Even I have been known to emerge from a shopping centre clutching a little green bag full of smelly things, though they haven’t usually been for me. But I can’t deny the pervasive influence of Anita Roddick.

The Body Shop showed that business could be done differently. It proved it was possible to use ethics as a selling point, and to appeal simultaneously to customers’ needs for self-indulgence and righteous protest.

So it’s right that national figures should mourn the passing of a genuine social entrepreneur. It’s appropriate that Gordon Brown, one of our foremost evangelists of enterprise, should be among the first to pay tribute.

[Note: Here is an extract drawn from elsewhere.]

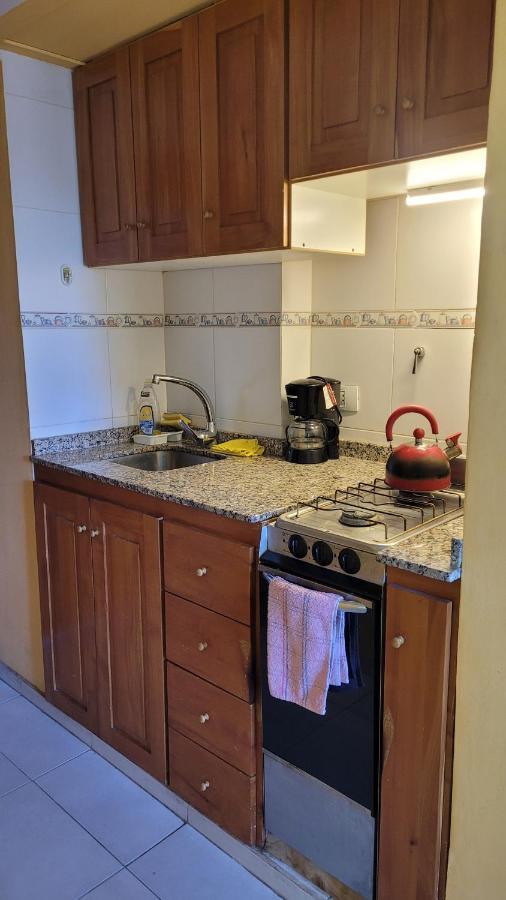 Hermoso Departamento Con Vista Al Lago San Carlos de Bariloche Bagian luar foto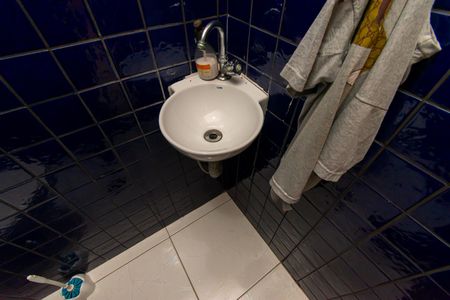Casa à venda com 240m², 3 quartos e 6 vagasGaragem - Lavabo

Yet there are still corners of the UK where a branch of the Body Shop would be as alien as, say, a bookshop or a deli. There are estates I’ve visited in recent months where the only local shops are the traditional rows of bookies, takeaways and hairdressers, with the occasional post office. The enterprising people, by and large, are those who have left.

Gordon Brown told the TUC this week that the route to success is to improve skills. He announced measures to encourage workers to undertake training and take up job opportunities.

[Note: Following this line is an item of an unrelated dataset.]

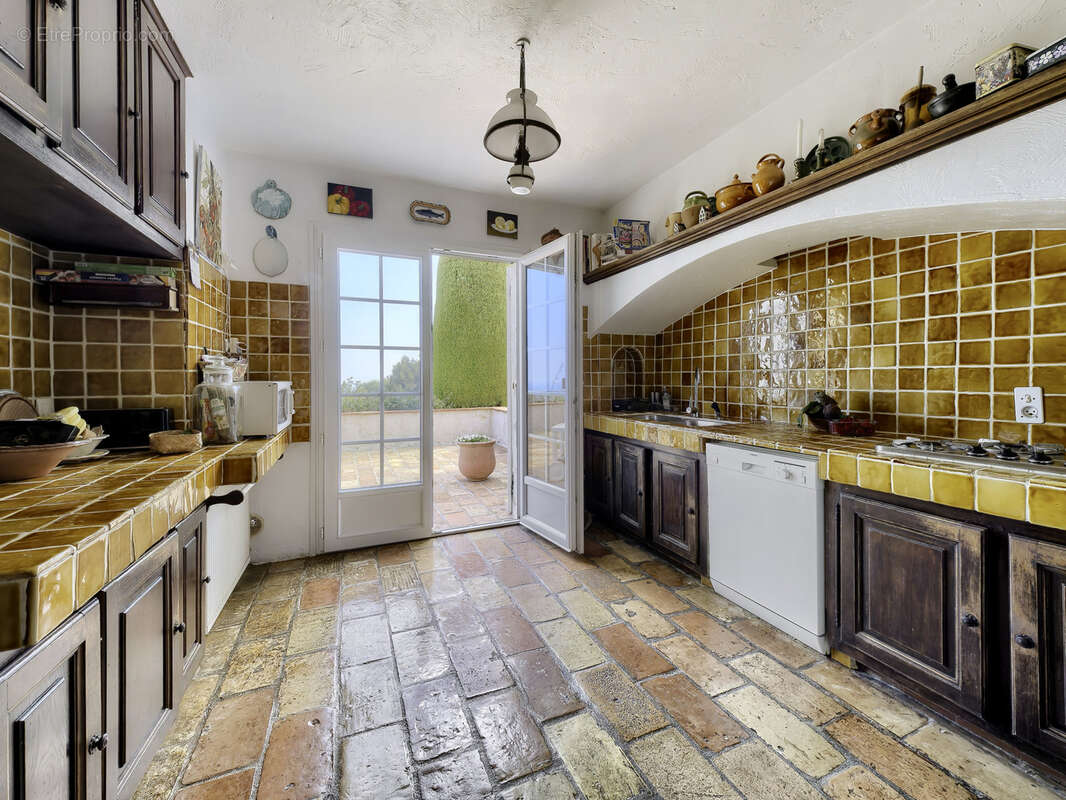 Maison à SAINT-PAUL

In doing so he was building on the welfare reform green paper, In work, better off, which sets out plans to achieve an 80% employment rate, expand the ‘pathways to work’ initiative and ratchet up the carrot-and-stick approach to economic activity.

On a macro level, this makes sense. There are 600,000 job vacancies every month, yet there are still ‘concentrations of worklessness’.

At street level, it’s different. Many of our deprived areas have been created through housing policies that have made social renting the tenure of last resort and have shoe-horned those with the greatest needs into the worst accommodation, and left them to it.

Local economic partnerships alone can’t tackle that legacy. That’s why neighbourhood action must continue to accompany action on skills.

Work is worthwhile if you’re coming home to a place you like and feel secure in; the neighbourhood improves if residents feel confident enough to improve their living standards.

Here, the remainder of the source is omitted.